The lawsuit brought by other farmers in the area was thrown out by a Franklin county judge last week based on the "clear and unambigous" nature of the statute. It was originally written to accomodate the water needs of small family farms, not big feedlot operations.
E& E reports;
The groundwater problems in eastern Washington are among the most serious in the country, in part because the region is among the driest in the country, averaging about 7 inches of rainfall a year.
In Franklin County, the aquifer is receding about a foot a year, while groundwater levels in neighboring Whitman County groundwater are declining at an even faster rate of 1.5 feet per year.
A state-funded study released in January found that the deep aquifer in eastern Washington -- especially Franklin, Adams, Grant and Lincoln counties -- are in serious trouble because "a significant percentage" of the area's wells are tapping into the deepest part of the aquifer, where the water is 10,000 years old and is not recharged by surface water, said Paul Stoker, executive director of the four-county Columbia Basin Groundwater Management Area, which conducted the study...

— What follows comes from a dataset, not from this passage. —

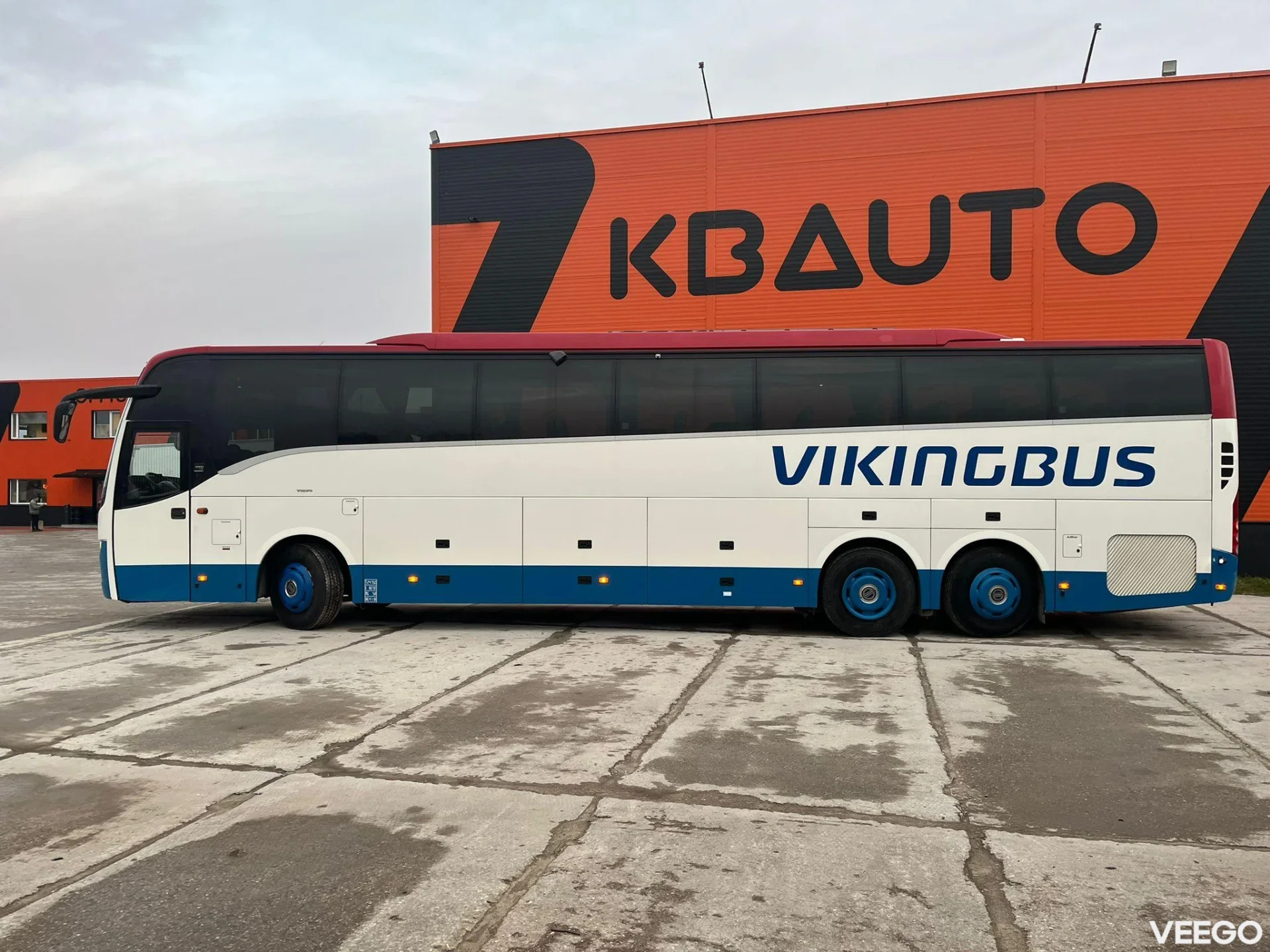 Volvo B11R 58 SEATS / AC / AUXILIARY HEATING / WC  345kW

The Easterday Ranch's feedlot is proposed near the southern boundary of the Odessa Aquifer, which Slattery described in his November letter as perhaps "the most critical water supply shortage in the state."
It's because of issues like this that I eat a lot less beef than I used to, and when I do it's from small, grass fed farms.
Cody Easterday was also recently involved in a lawsuit challenging the 2008 Farm Bill requirement to provide country of origin information on beef in the grocery story.